If one capacititively coupled the switching that would eliminate the issue.

What headsets are you using?
I'm not convinced 500R is the right pot to be using but that will depend on the headset ear impedance...

Your drawing is not bad, but generally we only expect to see straight lines on such diagrams, no diagonals, so I'd be shifting a few lines a few pixels to make straight corners and it will make it look much more professional...


----------



## Austel91 (Nov 4, 2012)

We're using the Telex PH-1/PH-3. And there is definitely a dirty noise when the switch is turned on or off. The impedance of the headset is 150 ohm. 


Sent from my iPad using Tapatalk HD


----------



## Austel91 (Nov 4, 2012)

My apologies the mic impedance is 150 ohm and the headset has an impedance of 300 ohm per side. And when you say capacitively couple the switch, you mean to use a cap on the talk side of the switch to prevent any voltage overages created by shorting the mic to ground. Would the correct capacitor prevent any unwanted noise (clicks, beeps, etc). I'm in the process of learning all of this, so if this doesn't make sense I apologize. 

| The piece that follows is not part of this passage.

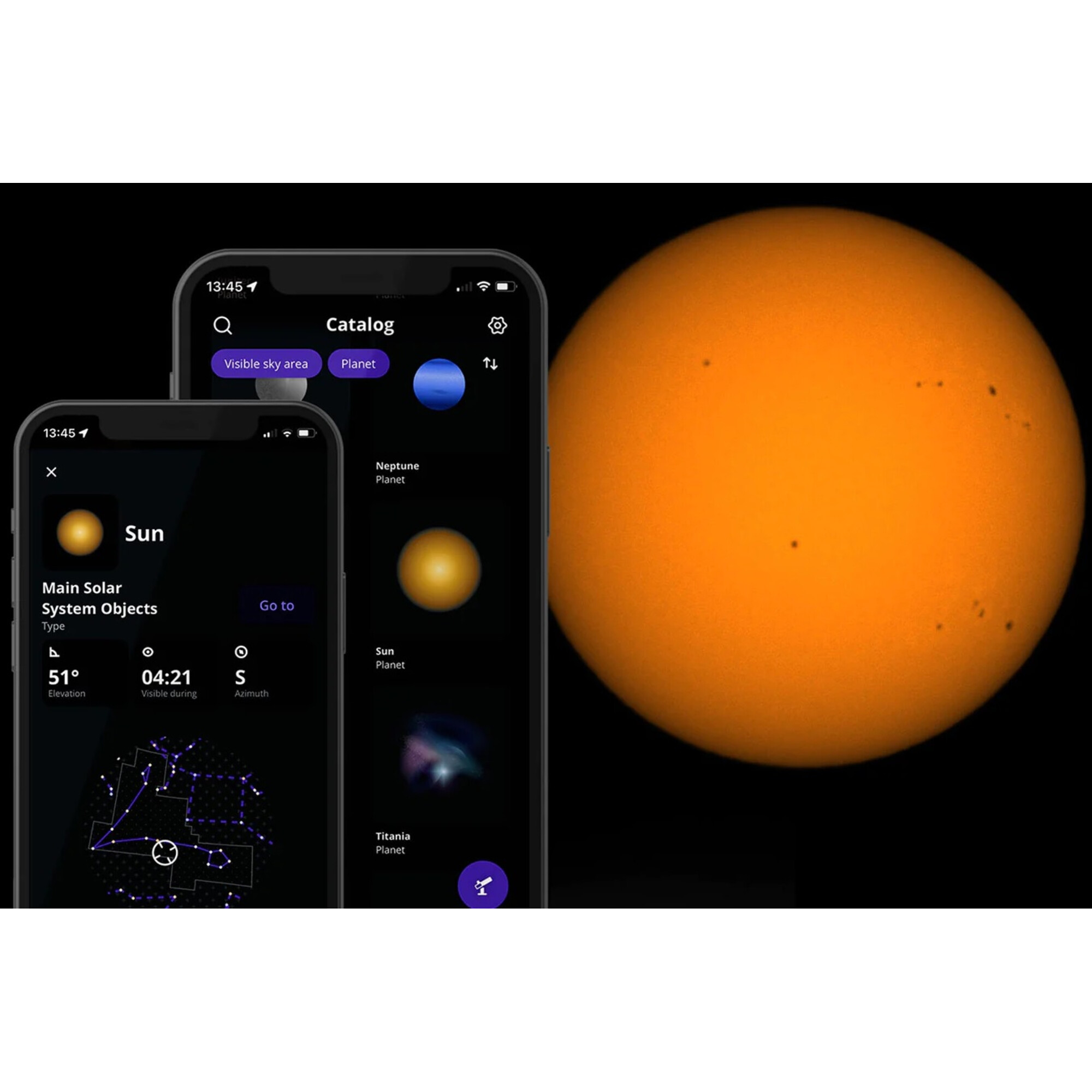Drei Smartphones zeigen Himmels-App-Oberflächen. Im Hintergrund ist eine orangefarbene Sonne mit kleinen dunklen Flecken.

Sent from my iPad using Tapatalk HD


----------



## pmolsonmus (Nov 6, 2012)

http://recording.org/diy-pro-audio-forum/46137-push-to-talk-mic-circuit.html 
More discussion here


----------



## DrPinto (Nov 6, 2012)

pmolsonmus said:


> http://recording.org/diy-pro-audio-forum/46137-push-to-talk-mic-circuit.html
> More discussion here



Very interesting thread on a really informative BB, although I did have to laugh when I noticed that their BB censored a user's location of "West Sussex, UK".


----------